Questo naturalmente non vuol dire che la politica criminale verso il fenomeno dell’immigrazione di stranieri irregolari vada totalmente smantellata; basti pensare che lo stesso testo unico punisce le ipotesi di favoreggiamento dell’immigrazione clandestina, legate a condotte criminose spesso realizzate in forma organizzata e sottese alla commissione di crimini ancor più gravi e odiosi, spesso basati sullo sfruttamento delle persone.
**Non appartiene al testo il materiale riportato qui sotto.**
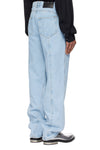 Mugler Straight Leg Jeans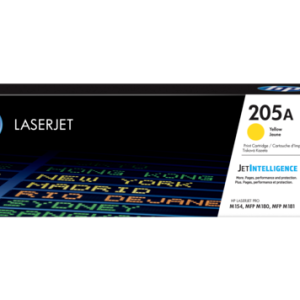 Картридж лазерный HP CF532A, LaserJet 205A, желтый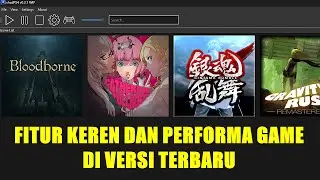 FITUR MENARIK TERBARU EMULATOR PS4 | CHEAT PATCH PERFORMA GAME DLL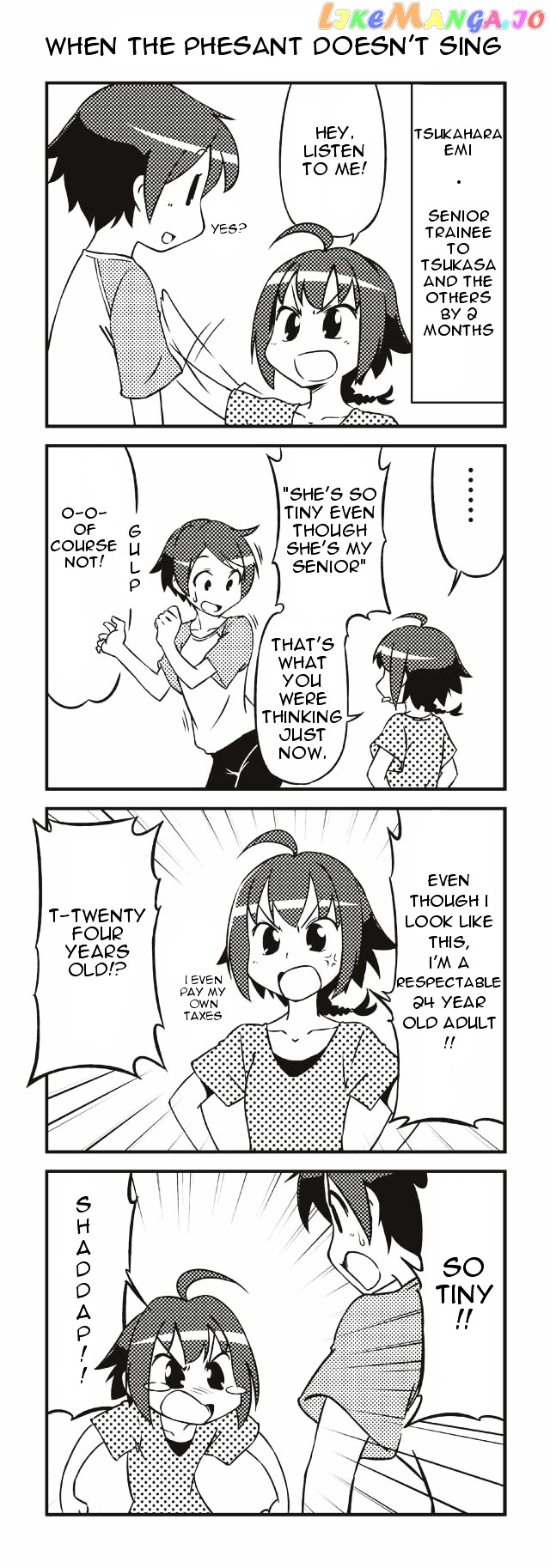 Tsuyokute Kakkoii Joshi Wa Suki Desu Ka? chapter 2 - page 3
Tuttavia, la discussione a proposito del mantenimento o dell’eliminazione della risposta criminale alla semplice condizione di irregolarità sul territorio elude il problema principale e generale, costituito dall’impossibilità di combattere efficacemente il fenomeno con l’arma della repressione penale, laddove sarebbe di molto preferibile e anzi necessario (benchè estremamente complesso sul piano geopolitico, per un Paese come il nostro che si affaccia sul Mediterraneo ed è di regola il primo approdo possibile per i migranti dall’Africa e dal Medio Oriente) affrontare la questione sul piano della politica internazionale e, contemporaneamente, dell’organizzazione interna, in funzione sia preventiva (in riferimento ai flussi di clandestini e ai modi per prevenire quanto più possibile il fenomeno, possibilmente “a monte”), sia espulsiva (in riferimento alla necessità di ampliare e concretizzare le possibilità di rendere effettivi i provvedimenti di espulsione laddove previsti e legalmente adottati).